Wherever There Is Light
In 1920, fifteen-year-old Julian leaves Germany for America because of his dictatorial Jewish father, Professor Rose. He becomes wealthy by joining a Newark bootlegging gang and dealing in real estate. In 1938, Mrs. Wakefield, daughter of a slave and the founder of an African-American college in South Florida, hires Professor Rose, rescuing him from the Nazis. Julian is invited to his parents’ welcome party. There he meets Mrs. Wakefield’s daughter, Kendall, a glamorous black woman. Despite their religious and racial differences, Kendall and Julian fall in love and begin an off-and-on affair lasting for nearly 30 years. The two tackle the problems an interracial couple would typically encounter. Both relocate to peaceful pre-WWII Greenwich Village. The war interrupts their romance; Julian is recruited by the OSS, and Kendall serves as a combat photographer. Kendall settles in post-war Paris, and fate brings the sweethearts together when Julian is sent to Paris on a mission.
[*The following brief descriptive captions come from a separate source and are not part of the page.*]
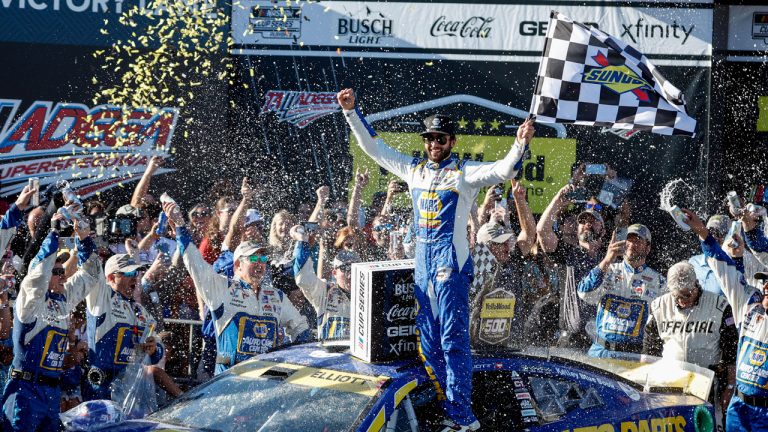 Chase Elliott celebrates in Victory Lane after winning a NASCAR Cup Series auto race. (Butch Dill/AP)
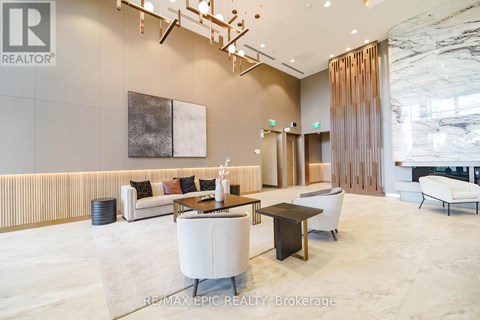 A modern living room with a white sofa and a wooden coffee table.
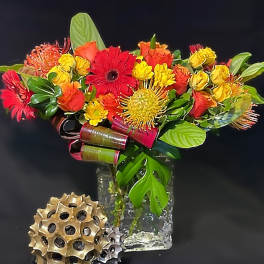 Bright red, orange, and yellow flower arrangement with tropical accents in a clear glass cube vase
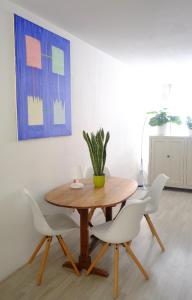 a wooden table with white chairs and a plant on it at Ground Floor Apartment Westerpark in Amsterdam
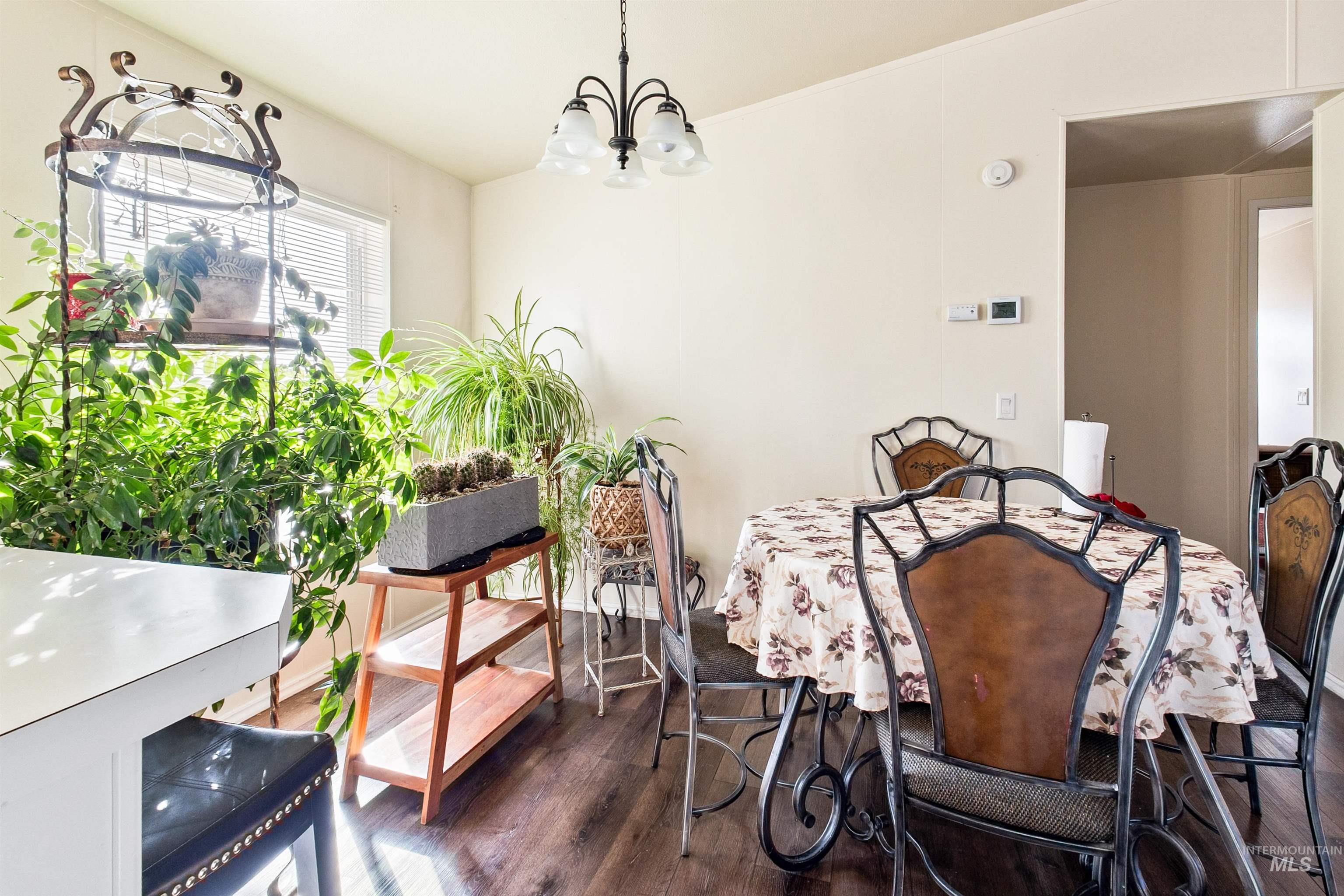 524 West Mesquite Street Boise, ID 83713 - Photo 17 of 29 Dining room with dark wood finished floors and a chandelier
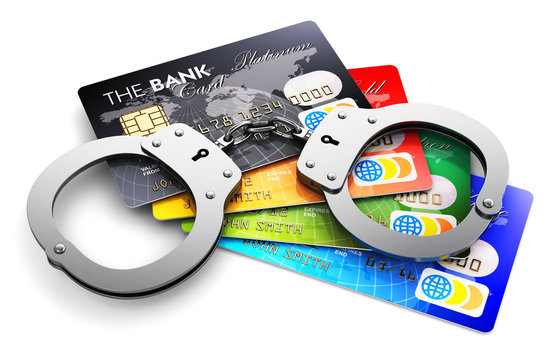 Bank credit cards and handcuffs isolated on white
Peter Golden has penned an unusual love story between a Jewish man and a black woman. The evocative title spotlights their epic romance. As the novel’s numerous settings transport us mentally to its locales, so do its well-narrated scenes of interracial relations, religious biases, and prejudices. These impact not only the couple but also their families and friends. The Paris segment’s showcasing of American expatriate life among artists, writers, and intellectuals is particularly well-handled. However, it’s the protagonists’ own self-interests – Kendall’s devotion to art, and Julian’s to wealth and aggression – that conflict with their love. The strong writing and numerous sex scenes keep us engrossed to the ending. Highly recommended.